EMI also suggested that ‘to the same extent’ in section 24 (2) of the 1995 Act meant that the conditions to the imposition of an AGA and a GAGA had to be the same. In this case an AGA could only be required where it was reasonable for the landlord to require one whereas the imposition of a GAGA was absolute.
The judge cited the analysis of Lord Neuberger in K/S Victoria Street. She concluded from that analysis in holding a GAGA is lawful that the focus of the Act is on the fact that the guarantor will be released when the tenant (giving the AGA) is released and not on the terms which require the AGA to be entered into in the first place.

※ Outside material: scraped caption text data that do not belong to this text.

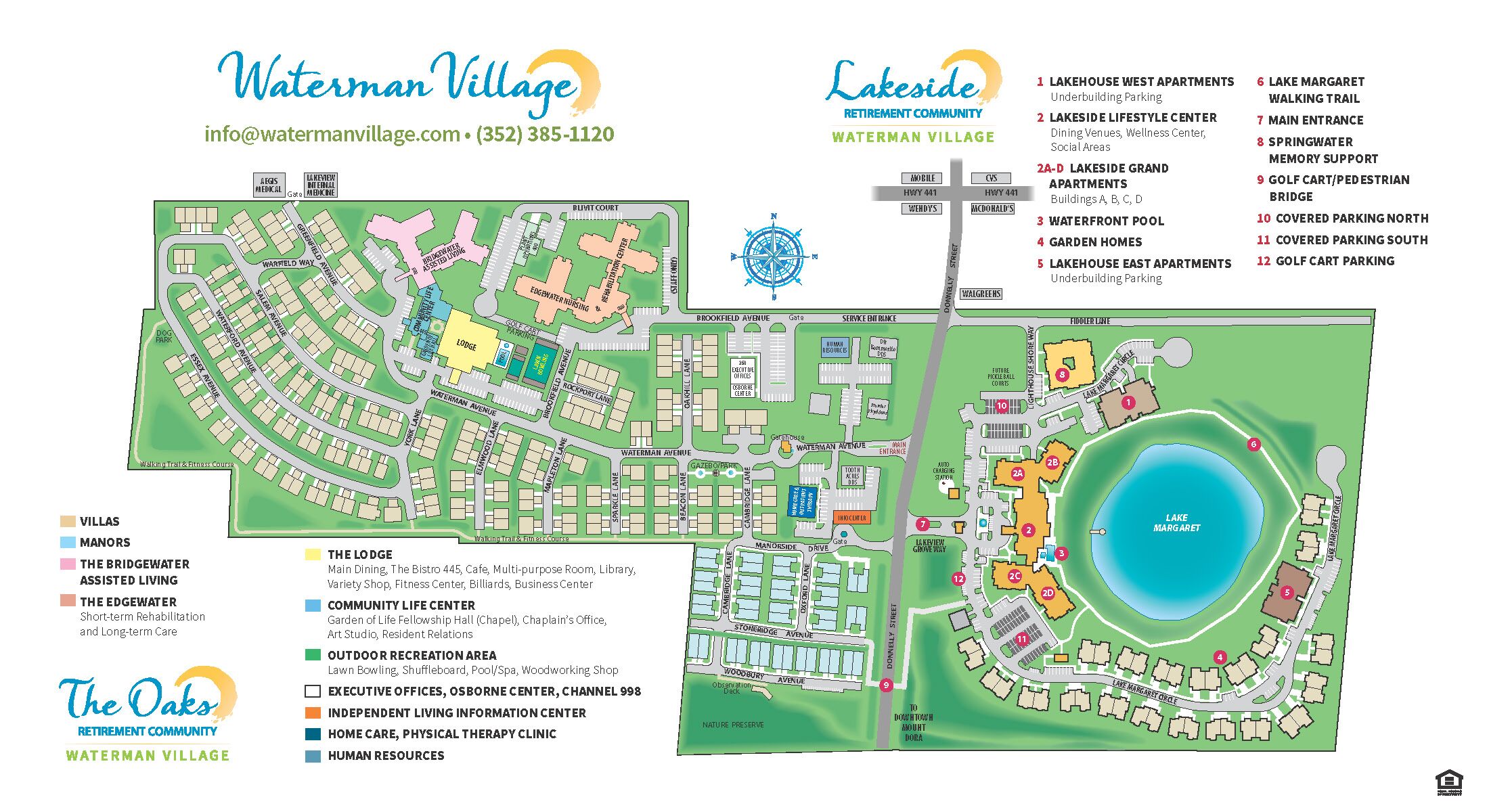 Contact Us - Waterman Village Mount Dora Florida.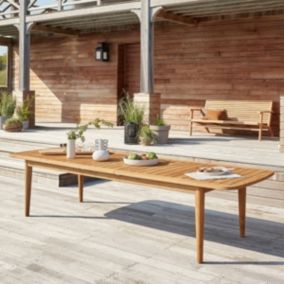 Table de jardin  en teck recyclé massif extensible 10/12 places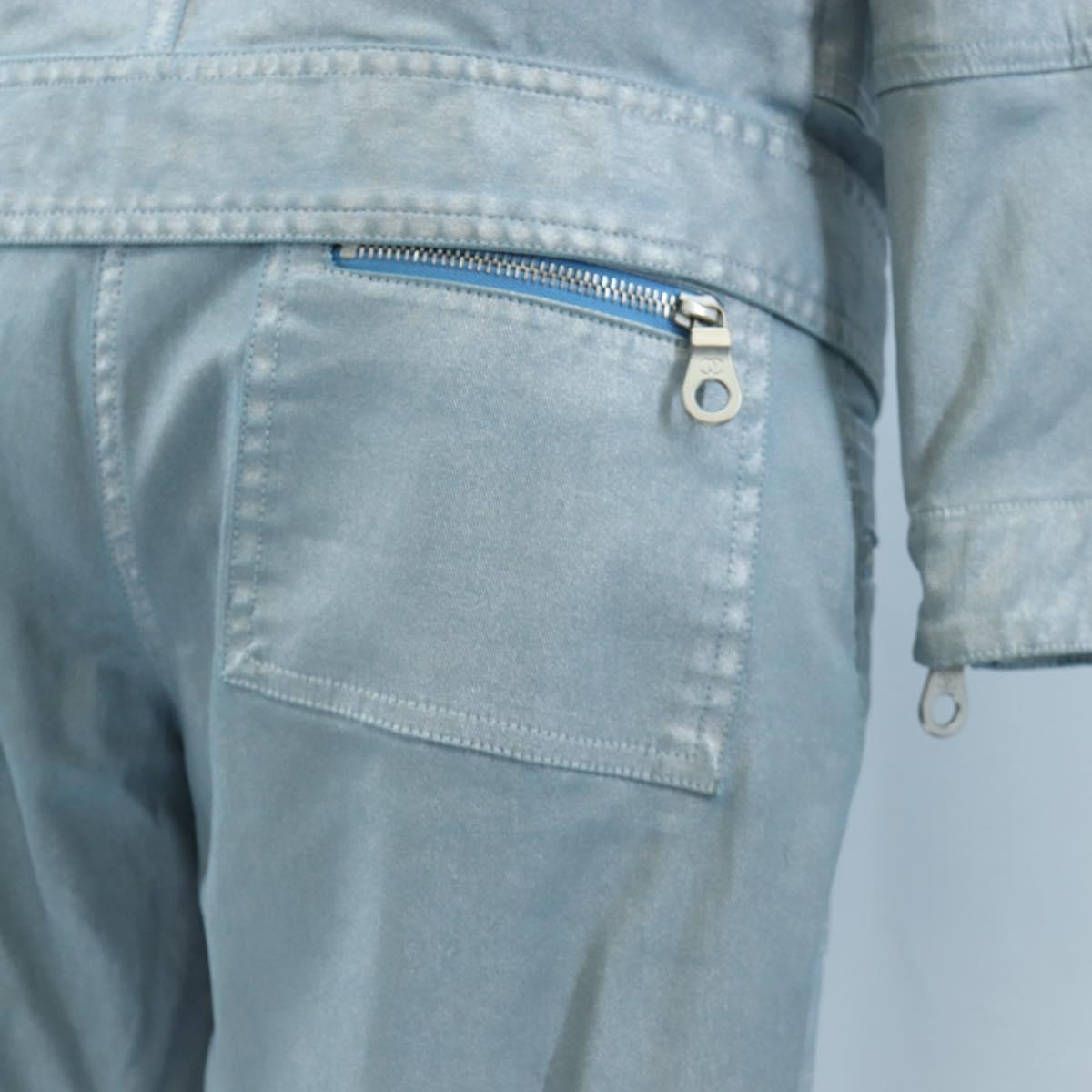 CHANEL Pants Jacket Denim Setup Light Blue CC Auth 191468SM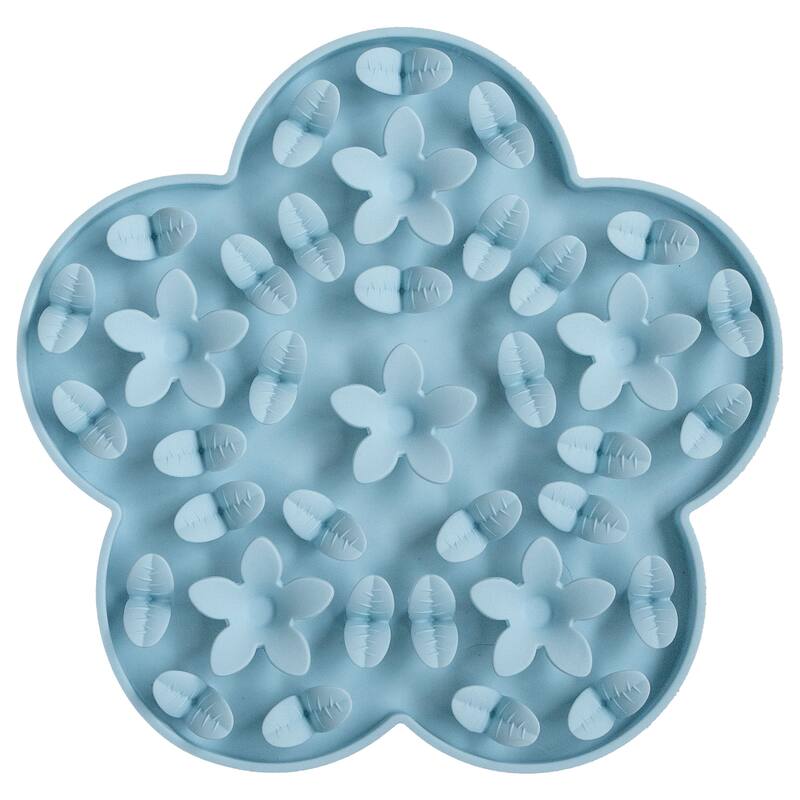 Dexypaws: Enrichment Snuffle Mat: Sky Blue Flower - Textured Dog Feeding Pad - Sky Blue - Sky Blue
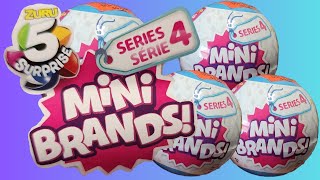 Opening Mini Brands Series 4 Miniature Food and Medicine Mystery Toys [upl. by Bbor]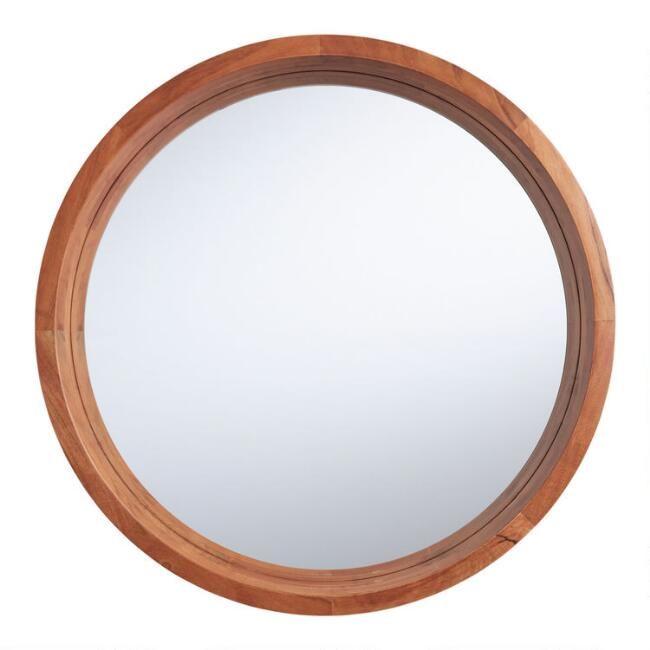 Large Round Natural Wood Wall Mirror | World Market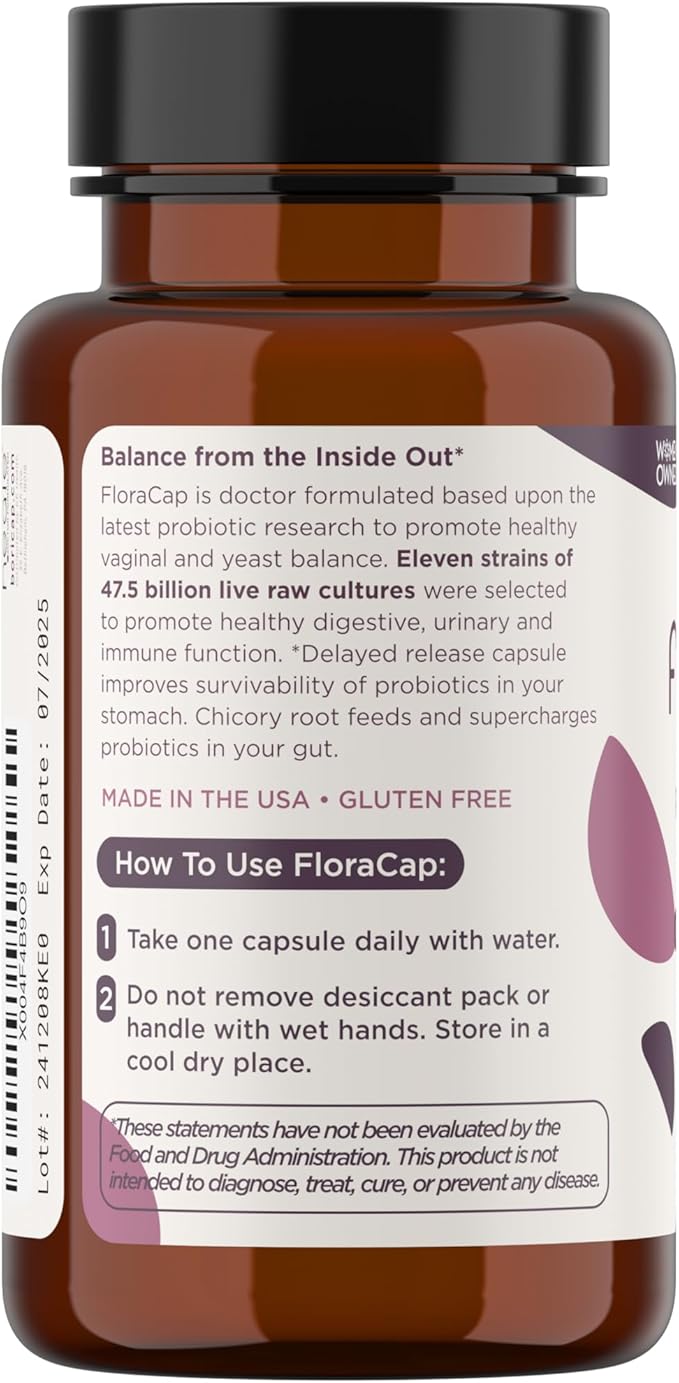 FloraCap Vaginal Probiotics for Women - 30 Oral Capsules - Heale Doctor Formulated Probiotics for Feminine Health pH Urinary Tract &amp Healthy Vaginal Flora - Reduce Odor Itching &amp Discomfor
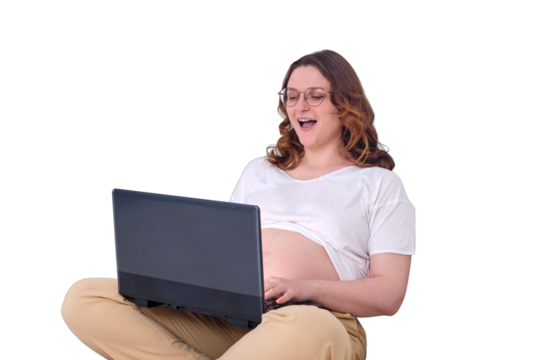 Workplace in a home bed with a computer and phone, laughing pregnant woman working on a laptop, isolated on a white background - Powered by Adobe
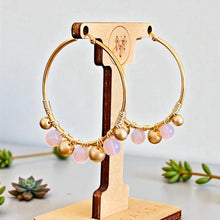 Load image into Gallery viewer, EMBER- Pink and Gold Beaded Wire-wrapped Hoop Earrings
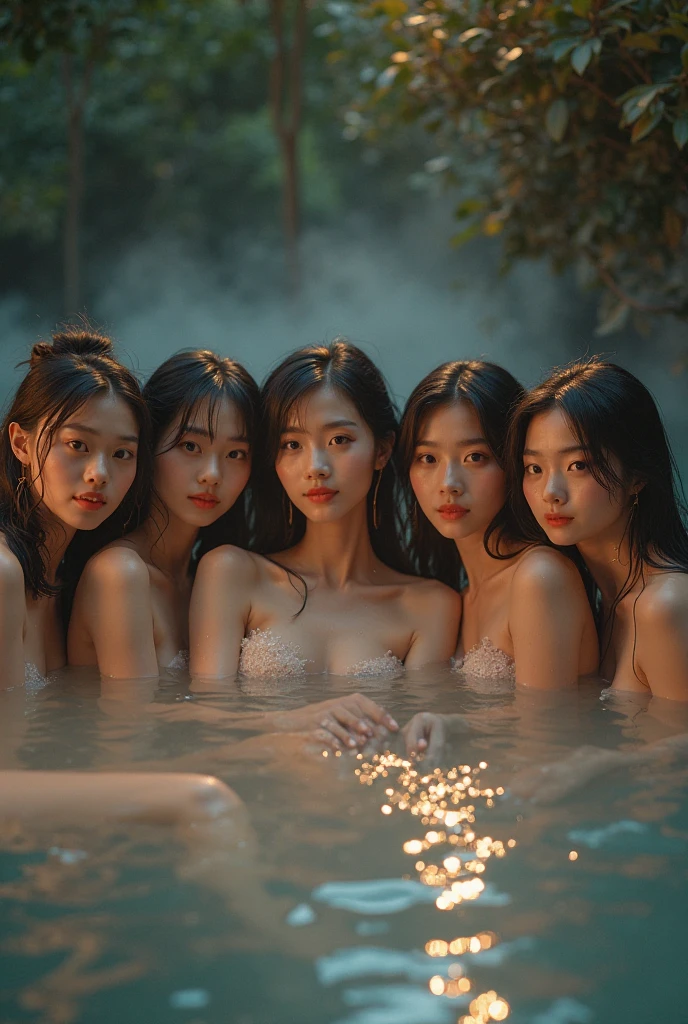 ((highest quality、masterpiece、8K、Highest image quality、Ultra high definition、Award-winning work)、(5人の女性の笑close up of faceの集合写真:1.3)、(Close-up group photo of five nude women:1.3)、An open-air bath deep in the mountains surrounded by nature、An open-air bath surrounded by irregularly shaped rocks、(Smiling beauty nude:1.4)、(Very close up of a beautiful woman:1.5)、(Shoot from very close up of 5 people:1.3)、(A group photo taken close to the faces of five people:1.3)、(accurate anatomy:1.1)、A smile staring at me、Real hot springs、Natural open-air bath rich in nature、Ultra high definitionの輝く色白美肌、the most detailed face、Ultra high definitionの詳細な顔、Ultra high definitionの髪の毛、Ultra high definitionの煌めく瞳、Beautiful face drawn in super detail、close up of face、Beautiful open-air bath、An open-air bath in a hidden area rich in nature、奥地の神秘的なBeautiful open-air bath、(blurred background:1.1)、Surrounded by majestic and mysterious nature、very bright and vivid、(The most beautiful K-POP idol faces:1.1)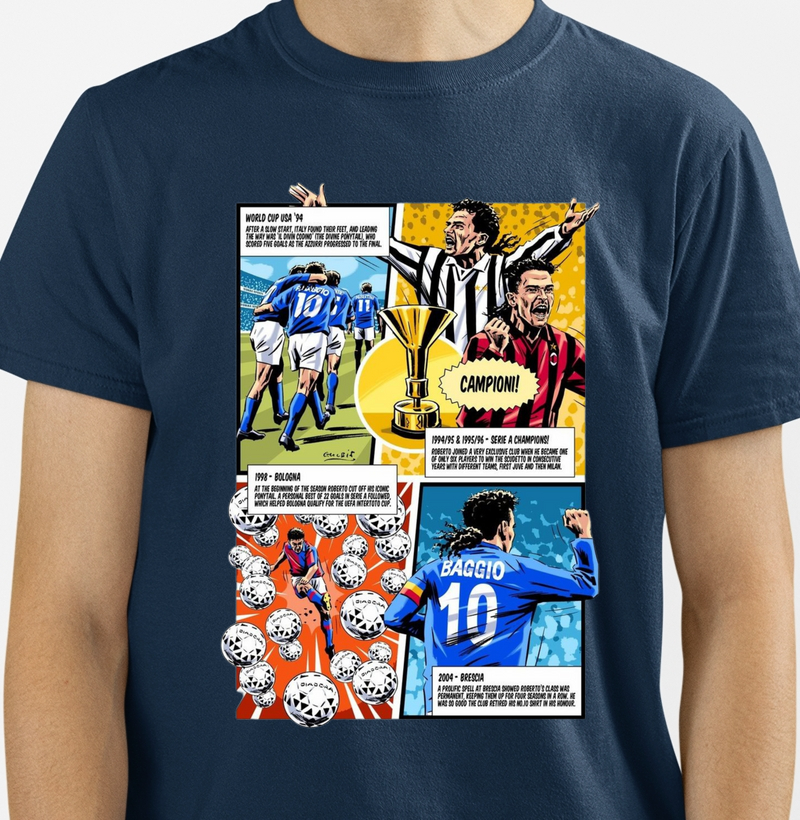 Camisa Roberto Baggio em quadrinhos 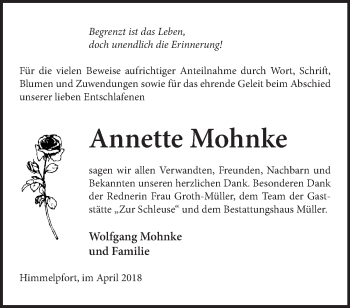 Traueranzeige von Annette Mohnke von Märkische Oderzeitung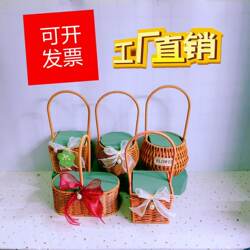 Handmade Flower Basket, Imitation Rattan Flower Arrangement Basket, Blue Floral Art, Handmade Rattan Woven Basket with Floral Foam, Woven Basket, Straw Woven Basket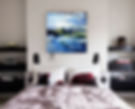 Thumbnail: Landscape Abstract Acrylic Painting Gold Leaf Art On Canvas by Julia Kotenko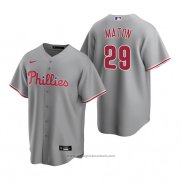 Maglia Baseball Uomo Philadelphia Phillies Nick Maton Replica Road Grigio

Therefore the conditions relating to the imposition of an AGA / GAGA do not have to be the same.
Finally counsel for EMI referred to the fact that under the lease, EMI’s liability only existed ‘while the Principal is bound’. HMV had been dissolved, no longer had existence and therefore cannot be bound so that in turn EMI were no longer liable.
Paragraph 2.4 of schedule 1 to the lease provided that the liability of the guarantor was not to be affected by the Principal being dissolved or otherwise ceasing to exist. This provision seemed to answer the point (against EMI) but counsel for EMI argued that this paragraph only applied to other provisions in the guarantee clause whereby the landlord could require the guarantor to take a new lease following certain trigger events.
However the judge rejected that argument and found that the above provision of the lease was clear in providing that the dissolution will not affect the liabilities of the guarantor.
We now have clear guidance that entering into a GAGA is lawful. It is however important that the drafting of the underlying AGA complies with section 16 of the 1995 Act and in particular the liabilities thereunder must not extend beyond the period of ownership of the incoming tenant so that any GAGA Is in turn compliant.
No doubt counsel for EMI kept a poker face (ahem!) when trying to make the above arguments but ultimately those arguments did not succeed.